Which meant they didn’t know he was here.

He waited. It didn’t take long. But only one came into the bedroom, and Pilgrim put the gun on the back of his head as soon as he stepped into the room. The man was wiry and compact, in his forties, head shaved bald, and he went still with professional surrender. Pilgrim moved back from him and around him, raised a finger to his lips and kept the gun firmly locked on the man’s head.

“Call your partner back here,” he whispered. “Politely and quietly.”

“I found something,” the bald guy said in a normal tone. Pilgrim pulled him back out of the line of sight of the hallway, put the bald guy between him and the door as a shield. He heard footsteps approaching, then another man, a young, heavy-built Latino, came into the room. He sported evidence of a rough day: two black eyes, a bruised mouth. He wore a suit slightly too small for him: black jacket and pants, a white dress shirt, its creases indicating that it had been recently removed from its store packaging, no tie. He stopped when he saw Pilgrim, tensed for his gun.

Pilgrim said, “Don’t.”

“You’re Pilgrim. We’re from the Cellar,” the man with the bruised face said. “Teach sent us here. I’m De La Pena. It’s my real name. This is Green.”

“Really. Where’s Teach?”

“She’s safe.”

“Where?”

“I don’t know where she’s at,” he said. “Just that she’s safe.”

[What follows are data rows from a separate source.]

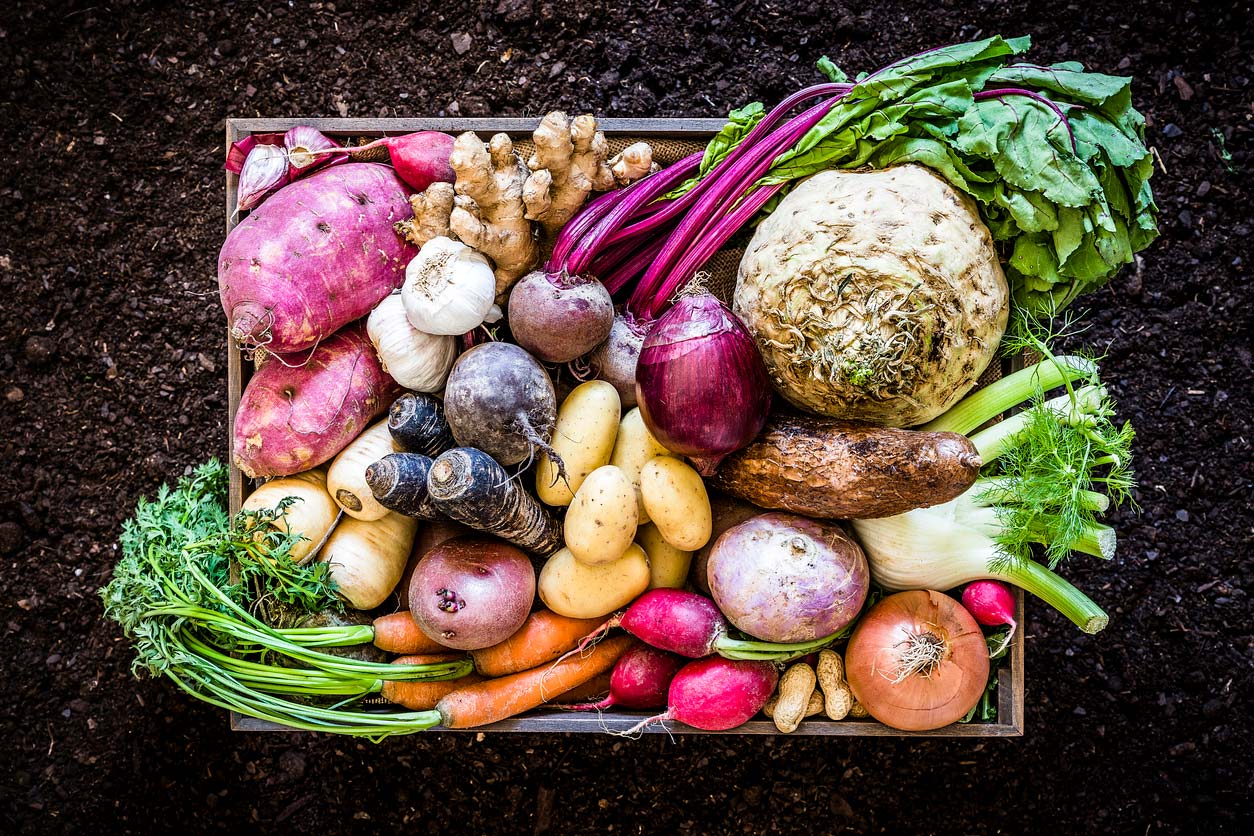 Root vegetables in a produce box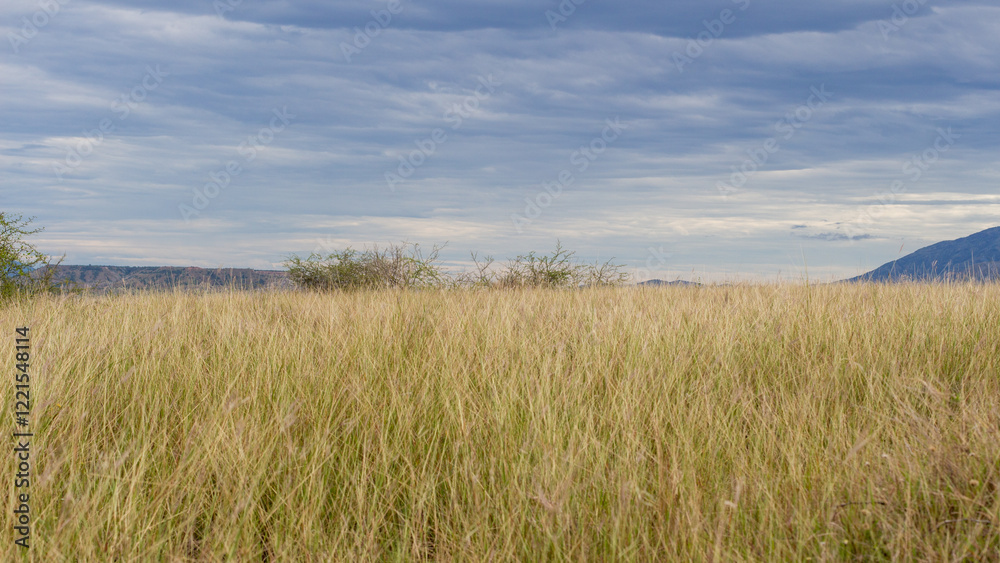 Panorama of the Tatacoa desert with a morning light. Minimalist, creative and artistic picture with a field of yellow dry grass. Villavieja, Huila, Colombia, Panorama of the Tatacoa desert with a morning light. Minimalist, creative and artistic picture with a field of yellow dry grass. Villavieja, Huila, Colombia,
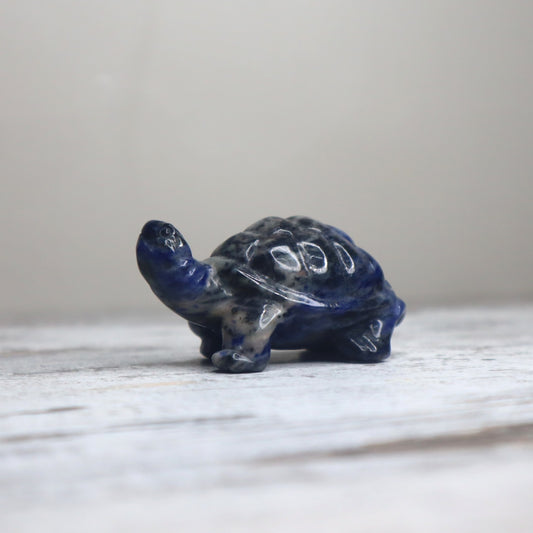 Sodalite Turtle | Wisdom, Stability & Clear Communication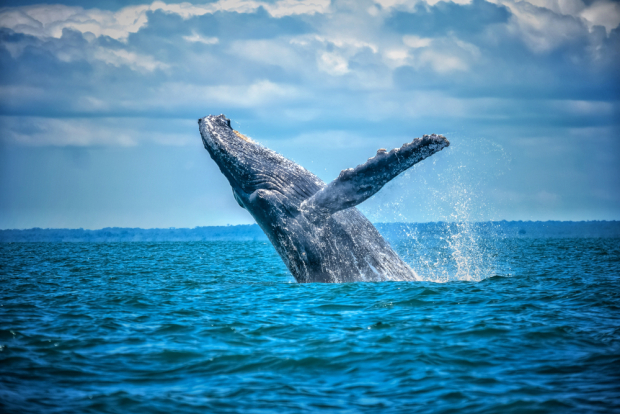 Las ballenas son las visitantes más famosas en Loreto.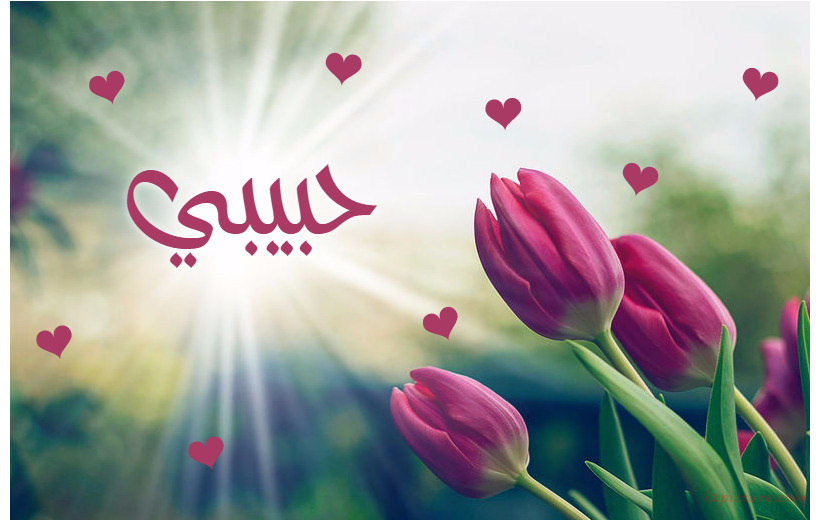 Your Lover's Name On The Flash Illumination With Flowers Postcard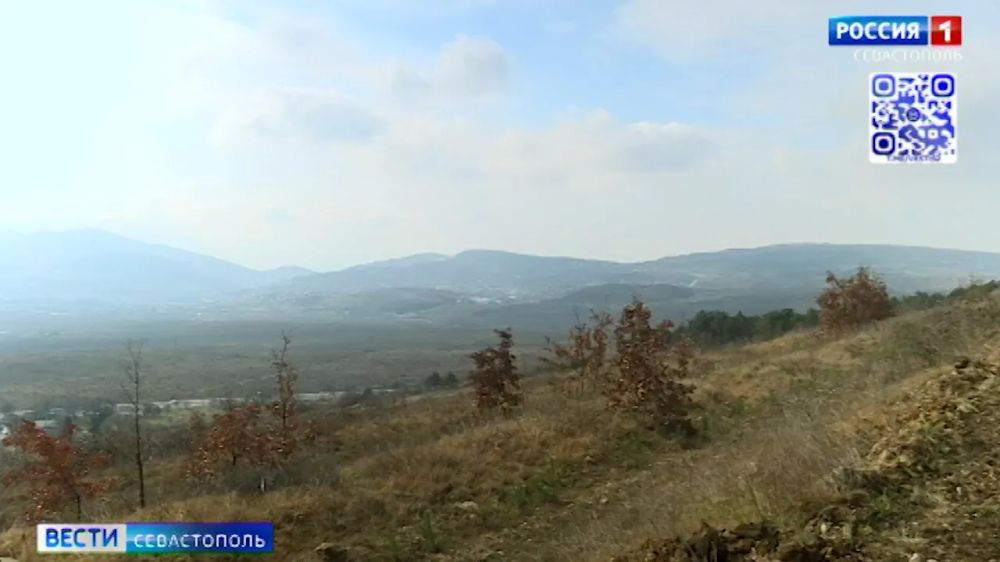 ����� �����������. ������ 9:30. 19.03.2025
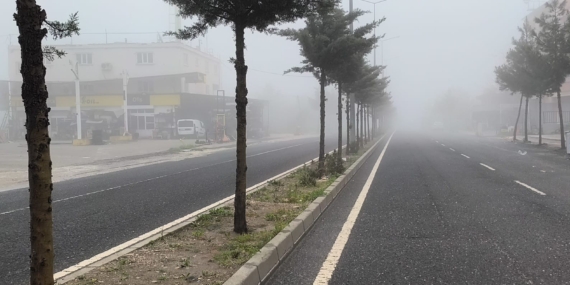 Dicle’de Sabah Sisinin Etkisi ve Trafik Güvenliği Uyarıları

Pilgrim tossed one of Barker’s handcuffs to each of them. “Face each other. Hands in front. Put a cuff on your hand and his hand opposite.” He kept his surprise that De La Pena offered a real name to him; you never shared your true identity in the Cellar.

So the guy might not be from the Cellar after all. That, or he was desperate to create trust.

The two men faced each other as though they were about to ballroom dance, slid the cuffs onto their wrists. Green’s right hand was cuffed to De La Pena’s left, Green’s left hand was chained to De La Pena’s right.

“Lock them,” Pilgrim ordered, and they shut the cuffs. Green looked pissed; he had a small mouth that went to a rosebud. De La Pena was calm. He, Pilgrim suspected, was the more dangerous one.

“These are for girls,” Green said, peevishly. “They’re a little tight.”

“Sit down,” Pilgrim said. He took their guns from them, one in each pocket. Searched their backs and legs for more weapons, found nothing. He put the guns on the desk, well out of reach.